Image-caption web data
■ ■ ■ ■ ■ ■ ■

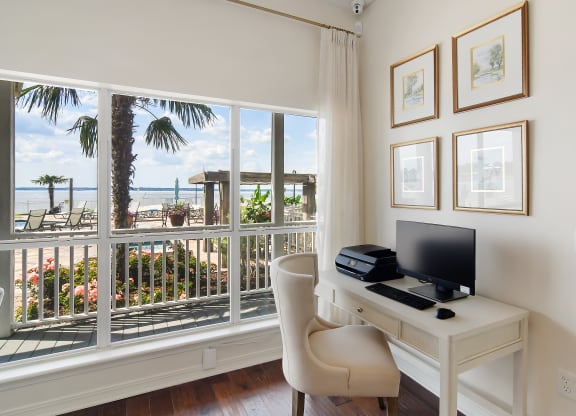 a home office with a desk and a view of the beach at Lakeshore Pointe Apartment Homes, Mississippi, 39047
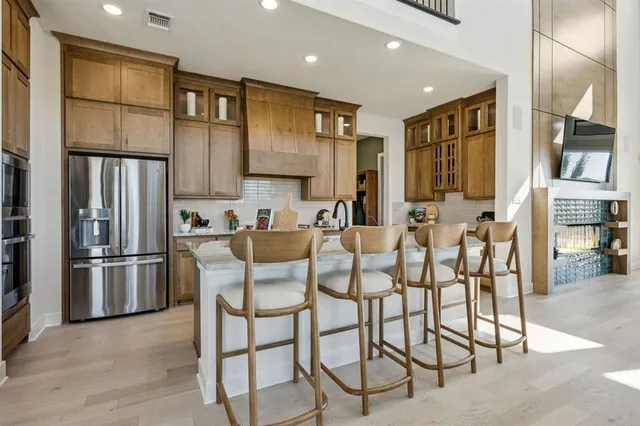 a kitchen with stainless steel appliances kitchen island granite countertop a refrigerator and microwave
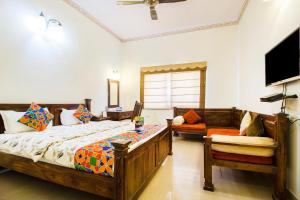 斋浦尔Hotel Raj Kothi Jaipur airport的一间卧室配有两张床、一台电视和一张沙发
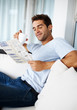 Young man reading newspaper with a cup of coffee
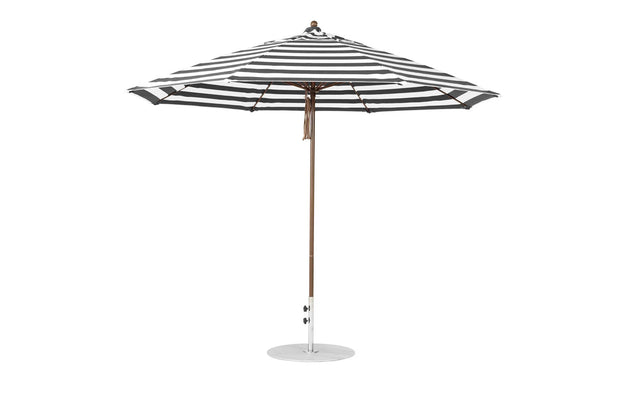 The Essential Fiberglass Umbrella by Ledge Lounger features an 11 octagon canopy in black and white stripes, supported by a wooden pole on a circular metal base. The canopy is fully open, crafted from marine-grade fabrics for enhanced durability.
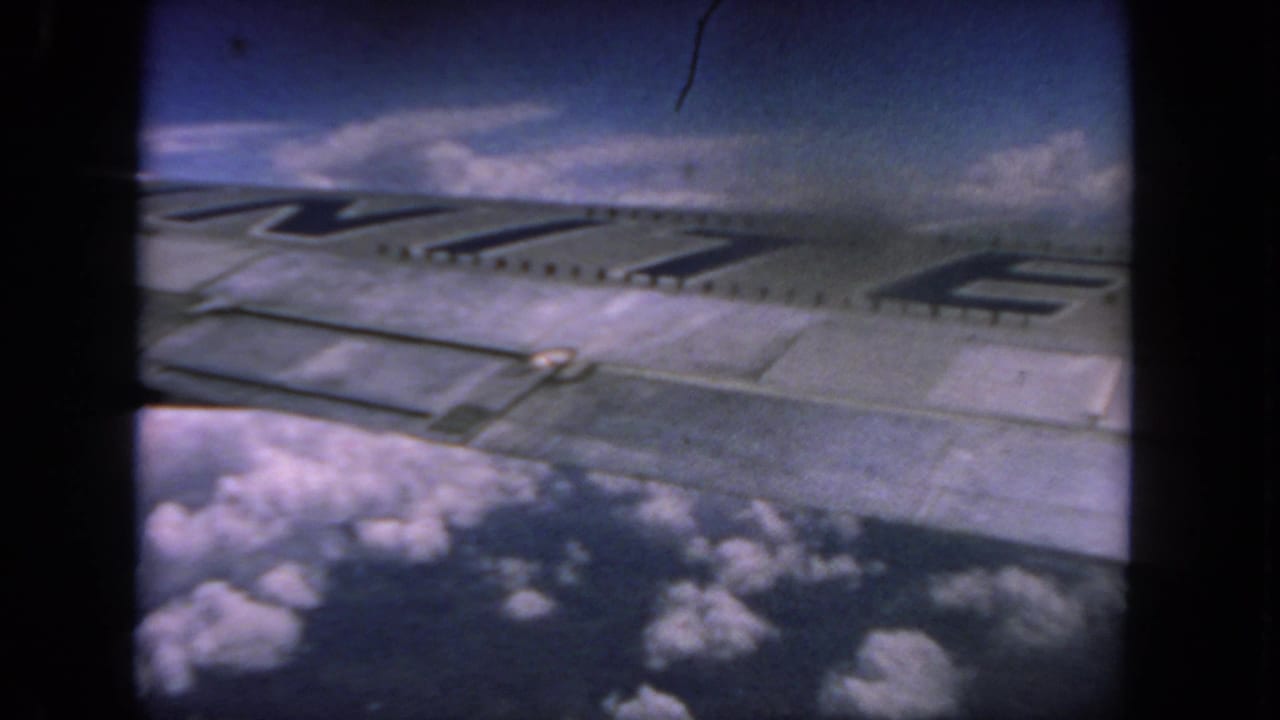 A 1962 airplane-window view shows the wing and partial dark lettering against clouds and a deep blue sky.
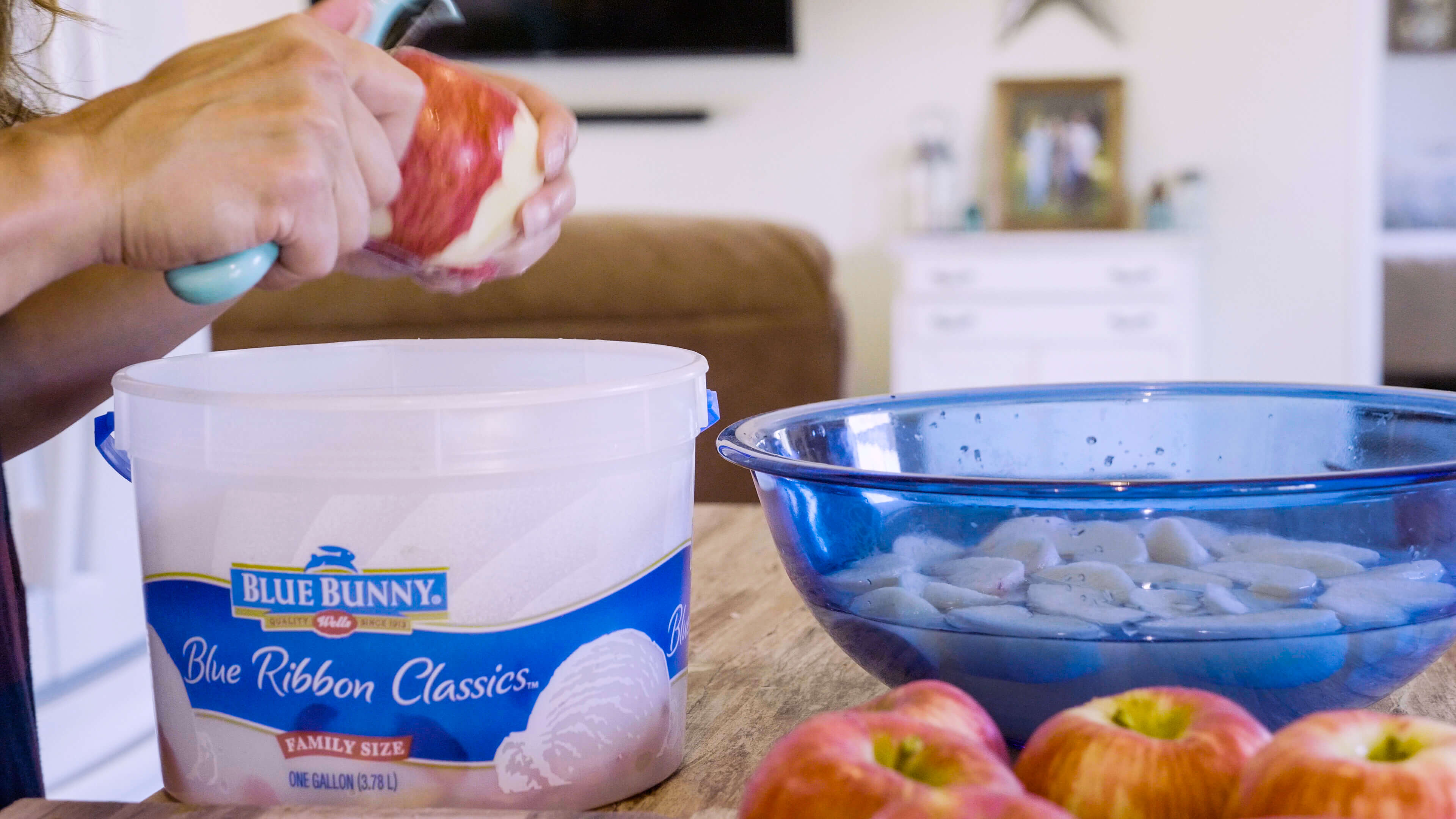 Hands peeling an apple with a bowl filled with chopped apples next to it.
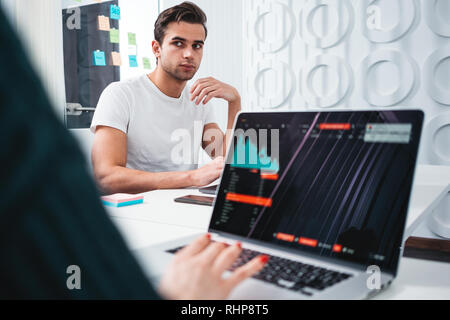 Two young coworker working toogether at work place office while sitting at the table. Team of business people analyze document and blueprint plan Stock Photo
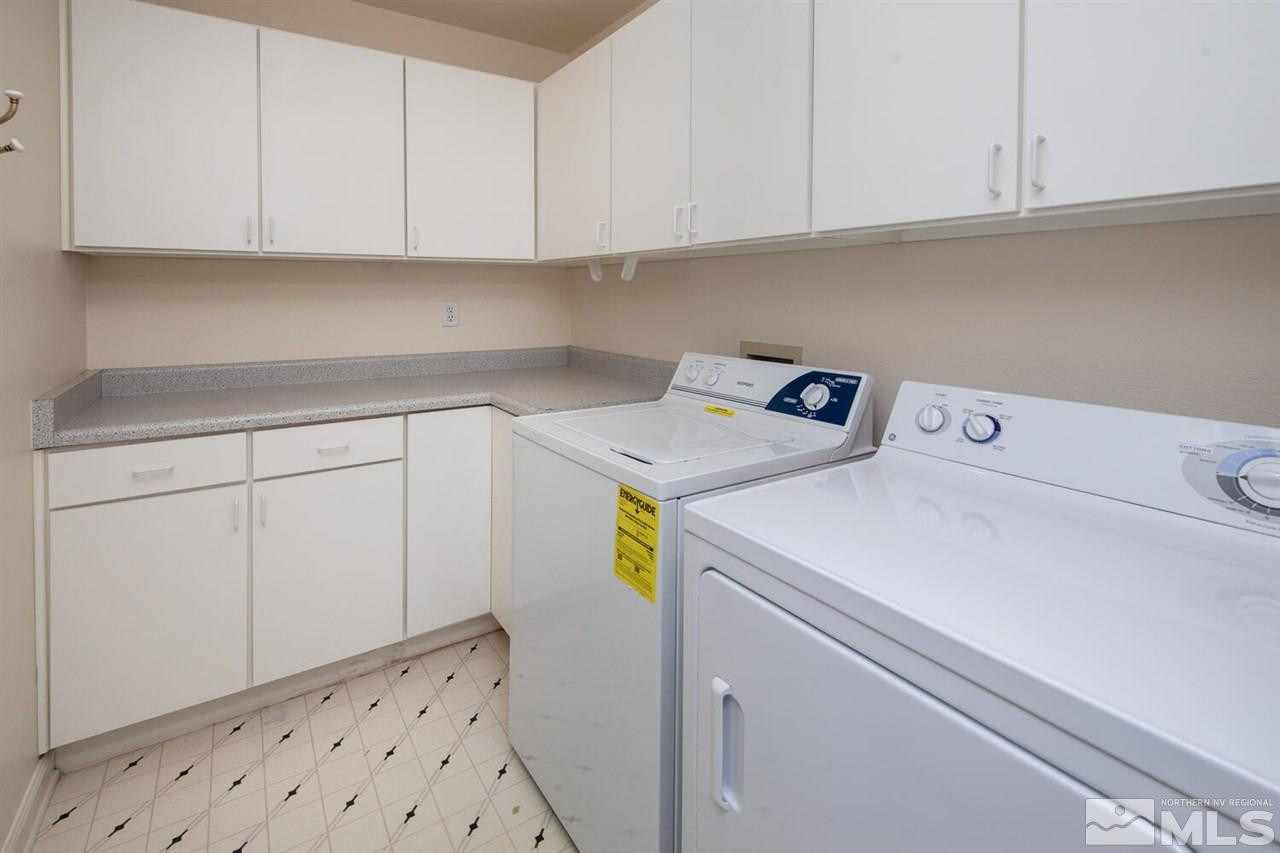 3345 Skyline Boulevard Reno, NV 89509 - Photo 25 of 38 a utility room with dryer and cabinets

■ ■ ■ ■ ■ ■ ■

● **YOUR ASSIGNMENT**:
Up to and including the line that contains "Hands peeling an", print the records above exactly from their first line, without any pictures.

● **SOLUTION FOR THIS TASK**:
 a home office with a desk and a view of the beach at Lakeshore Pointe Apartment Homes, Mississippi, 39047
 a kitchen with stainless steel appliances kitchen island granite countertop a refrigerator and microwave
 斋浦尔Hotel Raj Kothi Jaipur airport的一间卧室配有两张床、一台电视和一张沙发
 Young man reading newspaper with a cup of coffee
 The Essential Fiberglass Umbrella by Ledge Lounger features an 11 octagon canopy in black and white stripes, supported by a wooden pole on a circular metal base. The canopy is fully open, crafted from marine-grade fabrics for enhanced durability.
 A 1962 airplane-window view shows the wing and partial dark lettering against clouds and a deep blue sky.
 Hands peeling an apple with a bowl filled with chopped apples next to it.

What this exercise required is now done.